JPH02306112A - Adjusting apparatus for sensitivity of sensor - Google Patents

Abstract

PURPOSE:To adjust the sensitivity easily and to shorten the adjusting time by providing a display part thereby to make an input signal visually confirmable, and an adjusting part to adjust the sensitivity while monitoring the display of the part. CONSTITUTION:When a control signal 31a and a select signal 31b are turned high, a gain data from a sensitivity adjusting part 7 is, passing through a main processing part 24, a buffer 15 and a latch circuit 14, D/A converted at 13. An output of the D/A converter 13 determines a current of a light projecting circuit 11. An LED 10 is driven by this current with the timing of a pulse signal of an oscillator 12, and an illuminating light 32a from the LED 10 is projected to an object to be detected. When a reflecting light 32b of the light 32a is received, the current is amplified by an amplifier 20 and then input to a processing circuit 21 as a voltage output 32c. Then, an output from the circuit 21 is input to a processing part 24 and at the same time, if the output is not smaller than a threshold voltage, an operation displaying circuit 27 turns ON a display lamp 8. The output from the circuit 21 is input also to a self- diagnosing circuit 22. If the voltage value is within the stable output range, a stable displaying circuit 28 actuates a stable display lamp 9.

Description

DETAILED DESCRIPTION OF THE INVENTION [Field of Industrial Application] The present invention relates to a sensor sensitivity adjustment device, and particularly to facilitating and increasing the efficiency of the adjustment work.

[Conventional technology]

Generally, a sensor detects light emitted from an object to be measured.

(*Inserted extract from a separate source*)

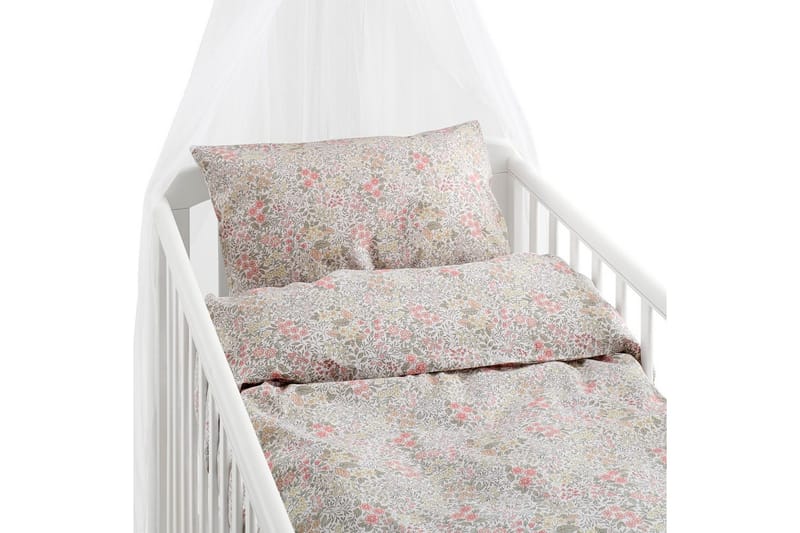 Dynebetræk til tremmeseng 2-Dele Floret Sand - Brun - Tekstiler - Sengetøj - Dyne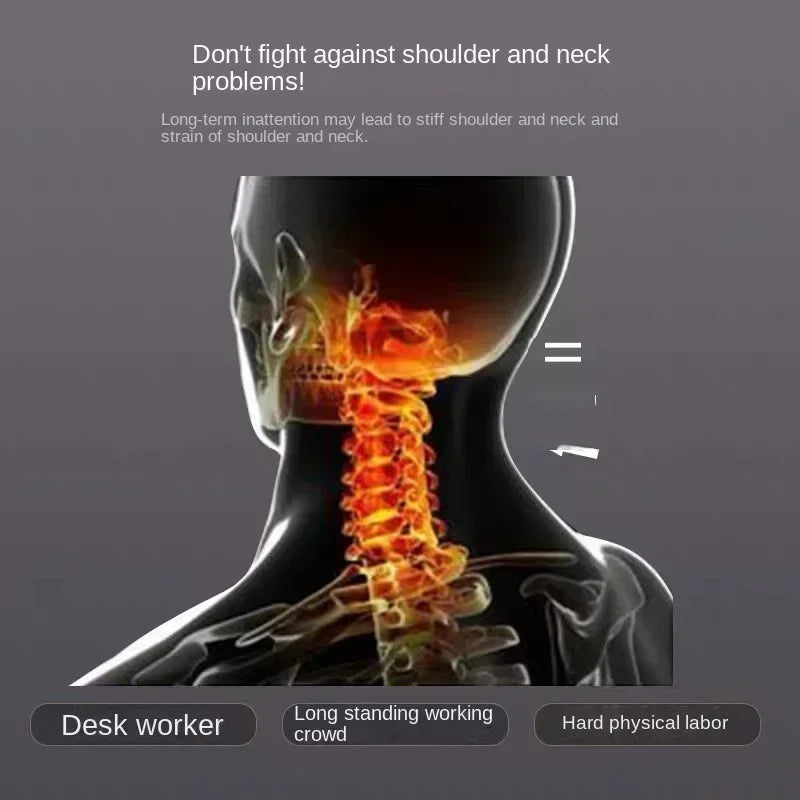"Wit orthopedisch hoofdkussen met grijze accenten, ademend soja vezel, massagefunctie voor nek- en schouderondersteuning."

It is configured to take in information such as displacement, sound, pressure, etc. as an input signal, convert this into an output signal such as an electrical signal with a predetermined sensitivity (gain), and output it to a processing device. Here, the above-mentioned sensitivity refers to the ratio of the change in the output signal to the change in the input signal, but this sensitivity may need to be adjusted depending on the measurement target 1, the target measurement accuracy, etc. Conventionally, such sensitivity adjustment is generally performed using, for example, a multi-rotation volume provided on the sensor body. Specifically, the above-mentioned volume is turned using a screwdriver or the like so that an operation indicator light and a stability indicator light provided on the sensor body are turned on.

C Problems to be Solved by the Invention] However, the conventional sensitivity adjustment described above has the following problems.

- Since the adjuster cannot check the magnitude of the input signal to the sensor, the adjustment must be done by trial and error, making the work difficult, requiring PM for adjustment, and lengthening the adjustment time.

(2) Since the above structure makes it difficult to support remote control, it is necessary for an adjuster to go to the location where the sensor is installed or to remove the device itself. Particularly when the sensor is installed in a narrow space, it is difficult for the adjuster to approach the installation location, which deteriorates the work efficiency accordingly.

- Due to the above structure, it is difficult to support automatic adjustment, so once it is set, it is difficult to switch the sensitivity midway through, and it is necessary to set it again manually.

■ Machine axis alignment is difficult.

The present invention has been made to solve the above-mentioned conventional problems.By visualizing the magnitude of the input signal, the sensitivity can be easily adjusted in a short time.
It is an object of the present invention to provide a sensor sensitivity adjustment device that can easily handle automatic adjustment.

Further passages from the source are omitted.